** Opening Material to process block **

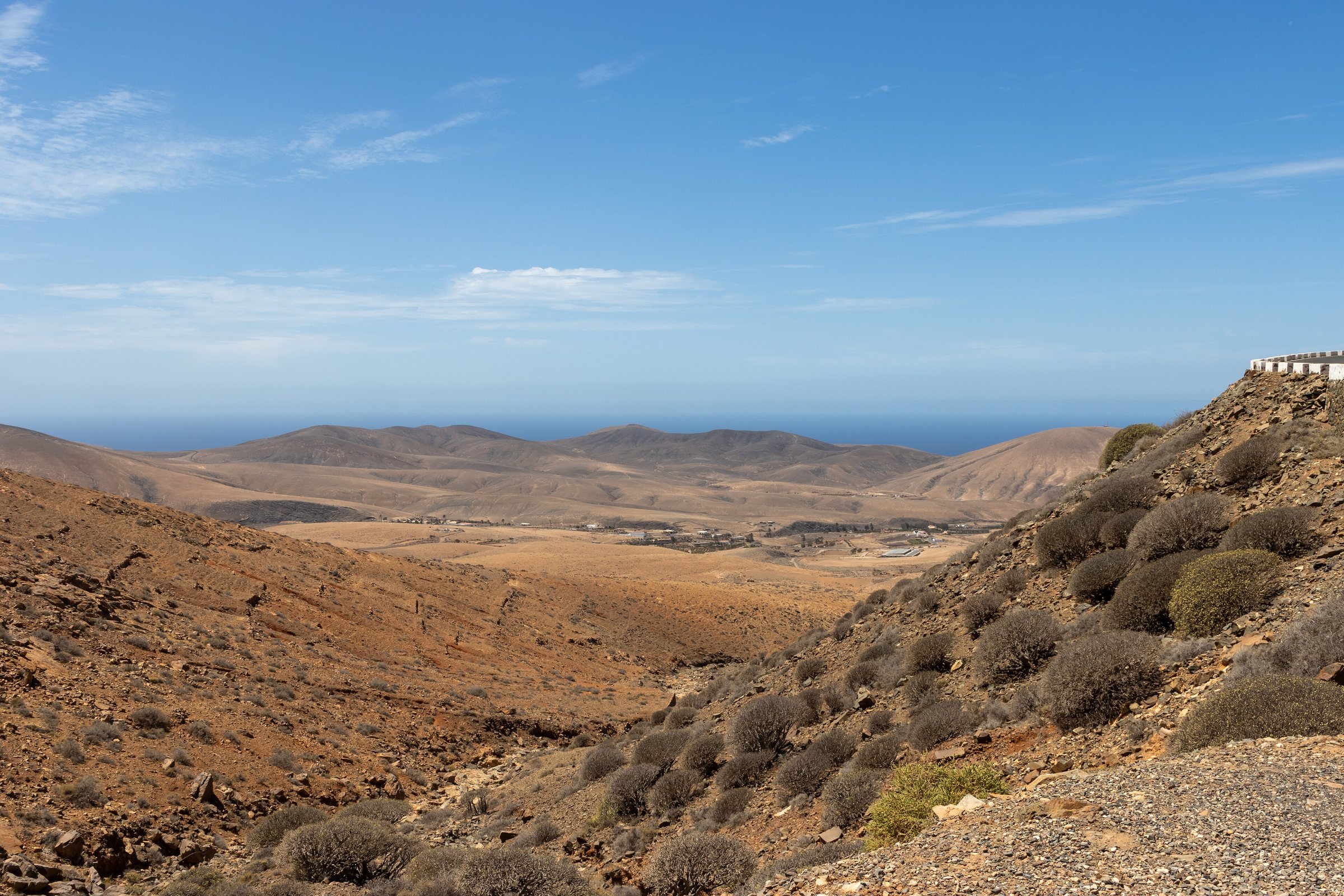 Immagine d'archivio: At Fuerteventura 2022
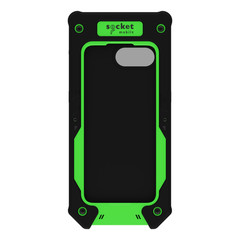 Socket Mobile XtremeScan Case XC100 – Open Box – Rugged iPhone Barcode Scanning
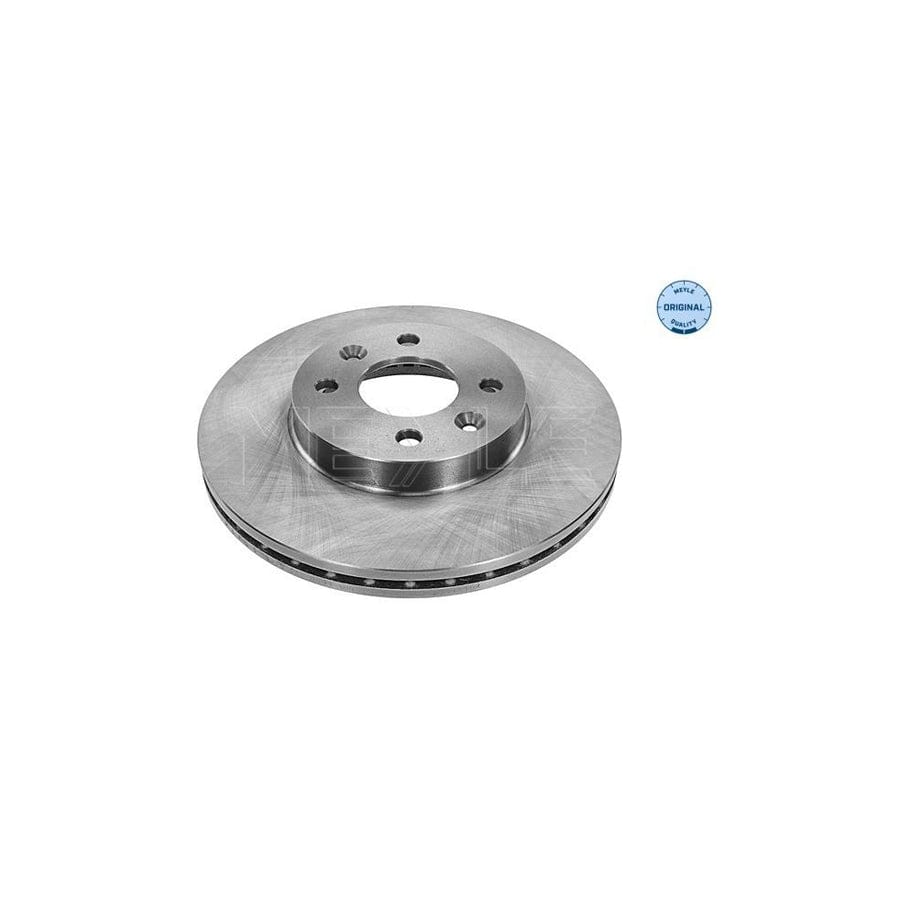 Meyle 16-15 521 0001 Brake Disc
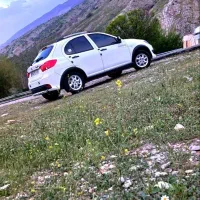 کوییک اس  برج12. 402|خودرو سواری و وانت|دره شهر, |دیوار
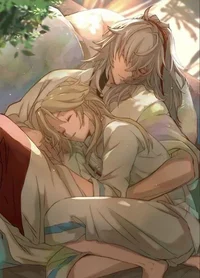 JingYuan and Yanqing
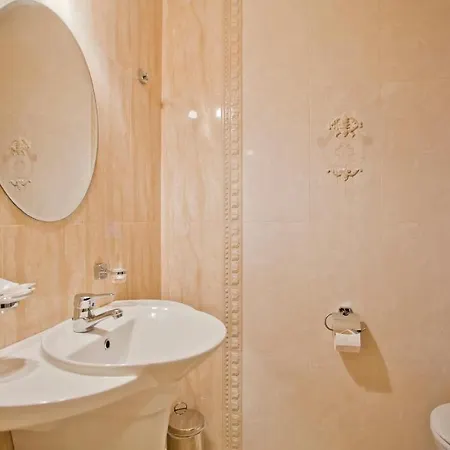 Incognito 3* Pomorie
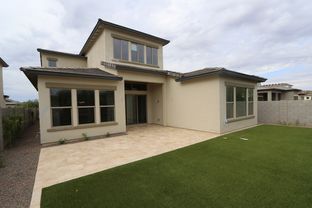Anne - Union Park at Norterra: Phoenix, Arizona - David Weekley Homes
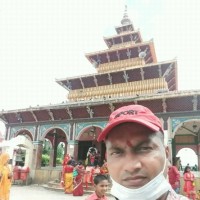 Chandra Deo Yadav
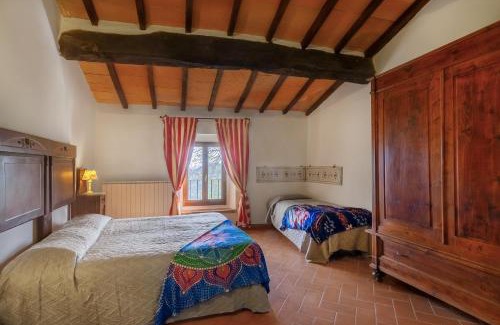 Dicomano House | Universal Harmony - Poiana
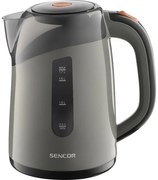 Sencor SWK 17A10GY elektromos vízforraló
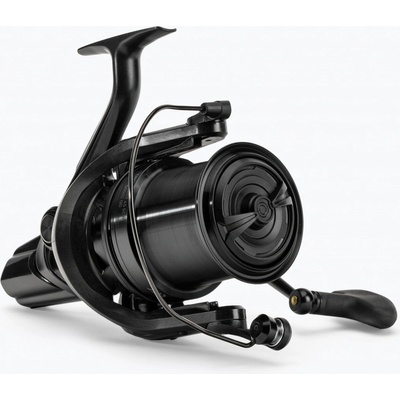 Daiwa Black Widow BR LT 5000-C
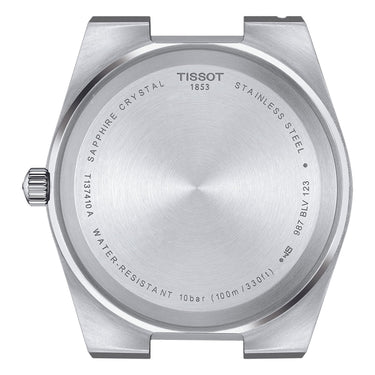 Reloj Tissot PRX T137.410.17.041.00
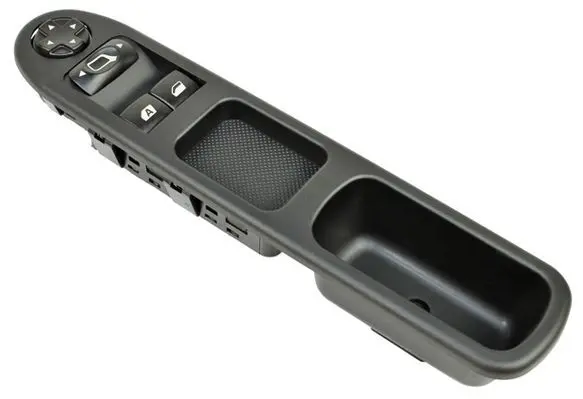 comutator,macara geam METZGER 0916410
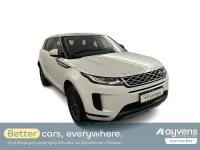 Gebraucht Land Rover Range Rover evoque 200 PS (147 kW) 2020 Fuji white SUV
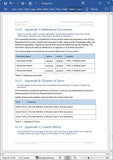 Product Requirements Document (PRD) Template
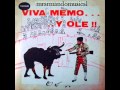 LP. 1967 - VOCES DE BILLO Vol. 4 - VIVA...MEMO Y...OLE!!.-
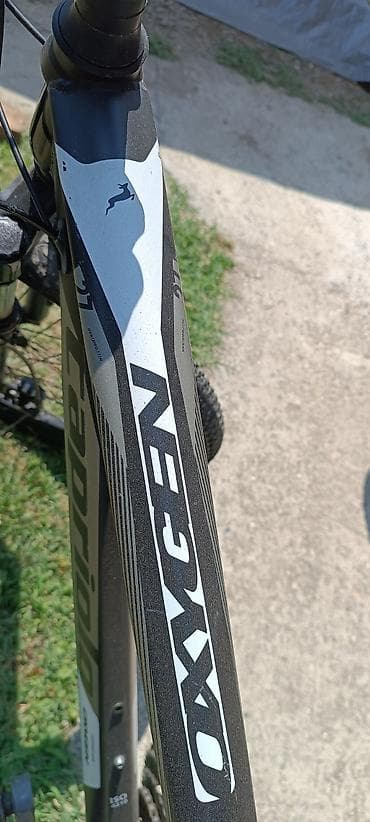 mtb polovni bicikli: Bicikli star 1 godinu. Malo ga je sin  vozio, sve je originalno na — 8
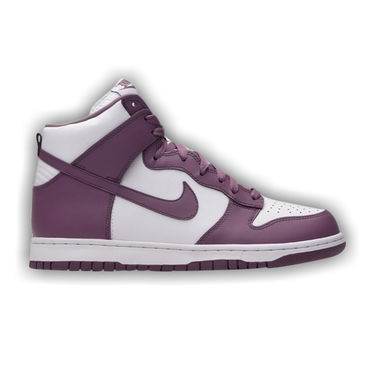 nike dunk violet dust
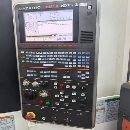 日本山崎马扎克车铣复合MAZAK-J200，五轴四联动安装少.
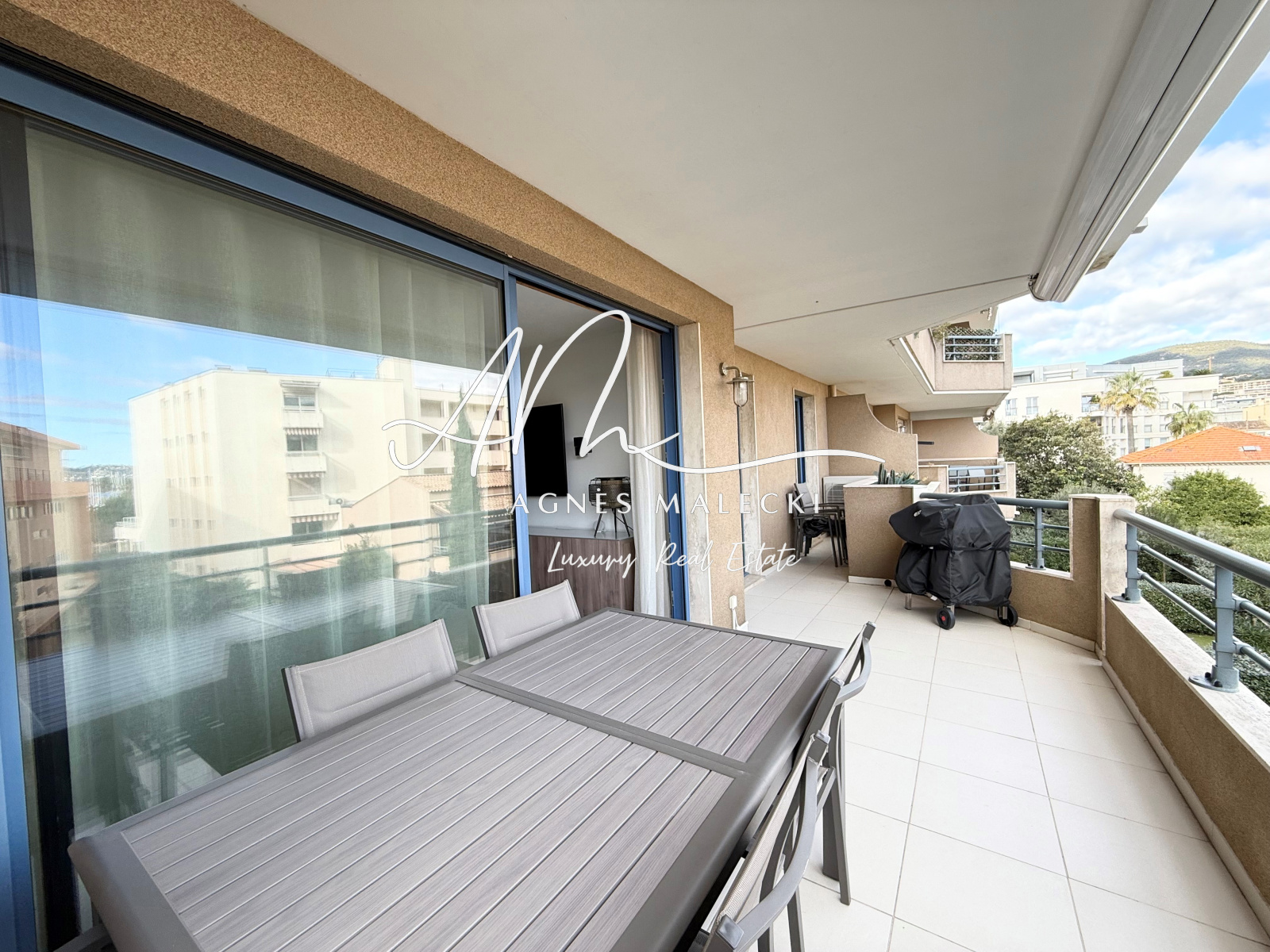 Image_1, Appartement, Cavalaire-sur-Mer, ref :V10007768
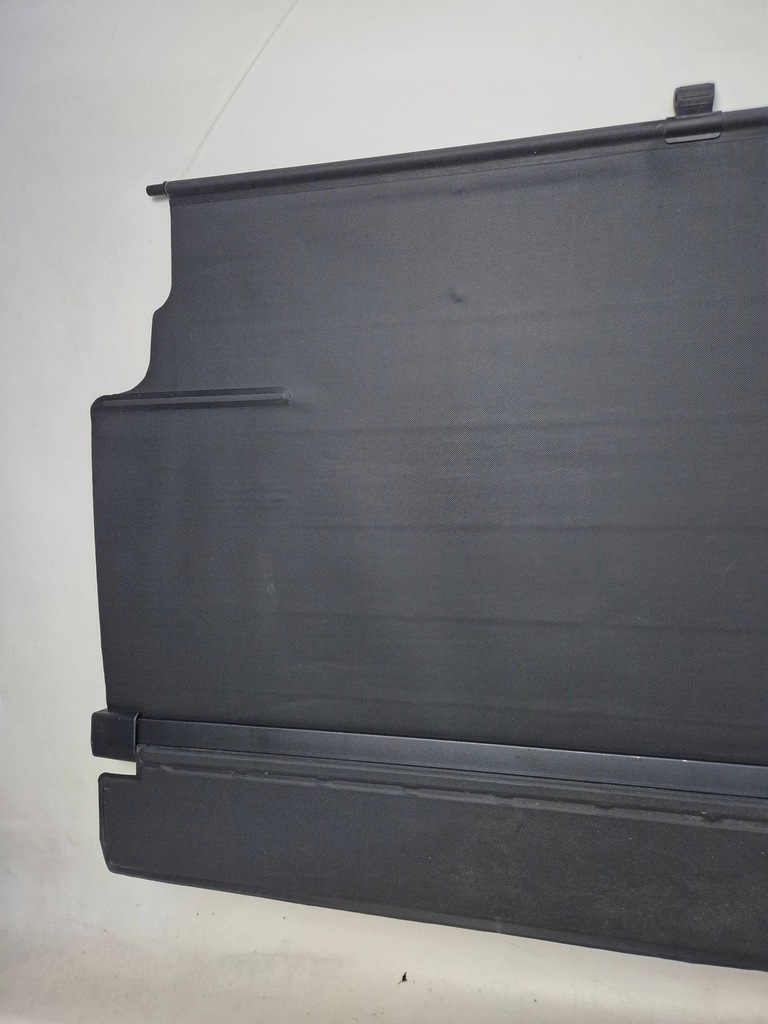 фото №9, Citroen c4 grand picasso 06-13 шторка багажника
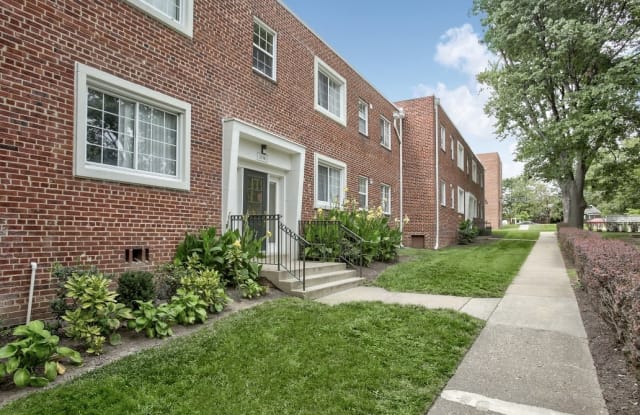 Affordable Housing - The Fields of Silver Spring photos photos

** Closing Material to process block **

- Task goal
Your copy must hold every record above in its exact wording and must hold no pictures.

- Exercise output
 Immagine d'archivio: At Fuerteventura 2022
 Socket Mobile XtremeScan Case XC100 – Open Box – Rugged iPhone Barcode Scanning
 Meyle 16-15 521 0001 Brake Disc
 کوییک اس  برج12. 402|خودرو سواری و وانت|دره شهر, |دیوار
 JingYuan and Yanqing
 Incognito 3* Pomorie
Anne - Union Park at Norterra: Phoenix, Arizona - David Weekley Homes
 Chandra Deo Yadav
 Dicomano House | Universal Harmony - Poiana
 Sencor SWK 17A10GY elektromos vízforraló
 Daiwa Black Widow BR LT 5000-C
 Reloj Tissot PRX T137.410.17.041.00
 comutator,macara geam METZGER 0916410
 Gebraucht Land Rover Range Rover evoque 200 PS (147 kW) 2020 Fuji white SUV
 Product Requirements Document (PRD) Template
 LP. 1967 - VOCES DE BILLO Vol. 4 - VIVA...MEMO Y...OLE!!.-
 mtb polovni bicikli: Bicikli star 1 godinu. Malo ga je sin  vozio, sve je originalno na — 8
 nike dunk violet dust
 日本山崎马扎克车铣复合MAZAK-J200，五轴四联动安装少.
 Image_1, Appartement, Cavalaire-sur-Mer, ref :V10007768
 фото №9, Citroen c4 grand picasso 06-13 шторка багажника
 Affordable Housing - The Fields of Silver Spring photos photos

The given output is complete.